The freshman finale of HBO’s EUPHORIA ended over a week ago, and I’m still thinking about it. Not only did creator and showrunner Sam Levinson leave several story threads dangling to tease directions for the second season, but he also satisfactorily concluded various cliffhangers to let his audience breathe a sigh of relief over what was concluded. No one died, including the main character Rue (Zendaya), whom many believed to be narrating the story from the grave, and many of the show’s troubled characters were shown grace, even if they didn’t deserve it. Most importantly, the show went out the way it came in – big, bold, and spectacularly entertaining, yet slyly showing the path of righteousness the whole time. Despite its story of drug addiction and troubled teens, the series has a morality at its core that is breathtaking.

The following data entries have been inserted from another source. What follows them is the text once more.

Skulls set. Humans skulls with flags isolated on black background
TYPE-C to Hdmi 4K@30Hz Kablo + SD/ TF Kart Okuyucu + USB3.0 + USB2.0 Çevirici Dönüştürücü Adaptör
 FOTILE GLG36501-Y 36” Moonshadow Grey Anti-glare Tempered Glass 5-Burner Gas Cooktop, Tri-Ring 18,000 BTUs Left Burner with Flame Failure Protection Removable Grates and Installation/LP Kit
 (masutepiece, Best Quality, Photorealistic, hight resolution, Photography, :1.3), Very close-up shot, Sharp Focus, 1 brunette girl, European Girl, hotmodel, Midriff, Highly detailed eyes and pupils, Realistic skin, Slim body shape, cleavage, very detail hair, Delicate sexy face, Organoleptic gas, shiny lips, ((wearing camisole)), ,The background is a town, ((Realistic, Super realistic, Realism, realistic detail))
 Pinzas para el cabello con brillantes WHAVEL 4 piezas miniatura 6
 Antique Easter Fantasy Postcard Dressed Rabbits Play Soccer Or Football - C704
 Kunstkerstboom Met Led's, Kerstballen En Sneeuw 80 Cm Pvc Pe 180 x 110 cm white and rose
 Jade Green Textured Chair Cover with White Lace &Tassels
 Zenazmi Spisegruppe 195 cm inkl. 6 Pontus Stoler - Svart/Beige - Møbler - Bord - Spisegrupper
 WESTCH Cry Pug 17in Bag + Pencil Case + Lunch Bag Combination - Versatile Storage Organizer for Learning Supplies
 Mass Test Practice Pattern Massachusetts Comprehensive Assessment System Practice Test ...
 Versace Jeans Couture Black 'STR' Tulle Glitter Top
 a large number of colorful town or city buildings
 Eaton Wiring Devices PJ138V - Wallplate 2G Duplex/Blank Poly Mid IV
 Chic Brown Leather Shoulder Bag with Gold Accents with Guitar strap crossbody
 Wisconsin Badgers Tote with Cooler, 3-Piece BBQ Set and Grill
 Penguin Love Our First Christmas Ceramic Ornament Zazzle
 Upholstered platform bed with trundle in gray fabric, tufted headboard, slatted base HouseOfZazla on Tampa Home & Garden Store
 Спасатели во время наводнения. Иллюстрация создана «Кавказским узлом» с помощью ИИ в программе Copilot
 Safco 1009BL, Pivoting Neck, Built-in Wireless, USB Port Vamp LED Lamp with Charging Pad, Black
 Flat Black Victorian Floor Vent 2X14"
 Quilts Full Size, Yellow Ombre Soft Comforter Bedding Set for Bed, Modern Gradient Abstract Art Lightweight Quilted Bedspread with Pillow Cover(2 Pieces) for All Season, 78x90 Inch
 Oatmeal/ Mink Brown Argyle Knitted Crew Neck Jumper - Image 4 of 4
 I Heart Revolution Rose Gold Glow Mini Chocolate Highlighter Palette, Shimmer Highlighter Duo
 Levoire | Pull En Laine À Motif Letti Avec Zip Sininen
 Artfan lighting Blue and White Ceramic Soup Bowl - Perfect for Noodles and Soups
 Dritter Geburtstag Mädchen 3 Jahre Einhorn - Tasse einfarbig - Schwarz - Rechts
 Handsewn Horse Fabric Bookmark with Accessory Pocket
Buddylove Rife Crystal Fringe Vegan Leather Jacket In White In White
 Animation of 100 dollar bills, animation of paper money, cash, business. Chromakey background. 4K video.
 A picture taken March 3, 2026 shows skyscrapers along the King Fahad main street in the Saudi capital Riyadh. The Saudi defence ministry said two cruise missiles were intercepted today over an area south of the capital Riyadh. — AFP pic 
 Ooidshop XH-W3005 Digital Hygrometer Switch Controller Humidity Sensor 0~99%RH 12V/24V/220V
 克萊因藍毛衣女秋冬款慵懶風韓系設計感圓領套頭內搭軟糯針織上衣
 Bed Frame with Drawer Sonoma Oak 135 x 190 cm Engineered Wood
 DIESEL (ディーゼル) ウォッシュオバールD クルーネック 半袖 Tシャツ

From the opening moments of the series, Levinson strapped us in for a series that was sure to be a wild ride. Not only was the story centered around an unrepentant drug addict, but the actress playing Rue used to be one of the biggest stars on the Disney Channel. The show wore its audacity on its sleeve at every instance too. Why, the very first images in the pilot episode followed baby Rue being pushed out of her mother’s cervix, followed immediately by a shot of the second plane crashing into the Twin Towers on 9-11. Rue, as she tells us in the voiceover narration, was born just three days after that earth-shattering event, and her feeling is that it doomed her from the start.
As Rue’s narration continued, her words are blunt and chilling. She overdosed at 16, went into rehab, bluffed her way through it, and was now returning home no wiser for the wear. The fact that Levinson had Zendaya read all of her voiceovers in a world-weary monotone as well, finding no silver linings, and telling only ugly truths, made things feel all the more brazen. Her teenage character and the world she described are jaundiced, unable to wash away the taint of a generation already lost to terrorism, eco-disasters, and political ineptitude.
Yet despite that cynicism and Rue’s zombie-esque descriptions of the banality in her existence, Levinson ensured that we didn’t buy whole-hog into the doom and gloom. Instead, his show belies cynicism at almost every instance. EUPHORIA believes that life is worth living, worth fighting for and that even the beleaguered can triumph. It’s not a “Rah Rah” Hallmark Channel type of show, but it’s surprising how much it wears its heart on its sleeve.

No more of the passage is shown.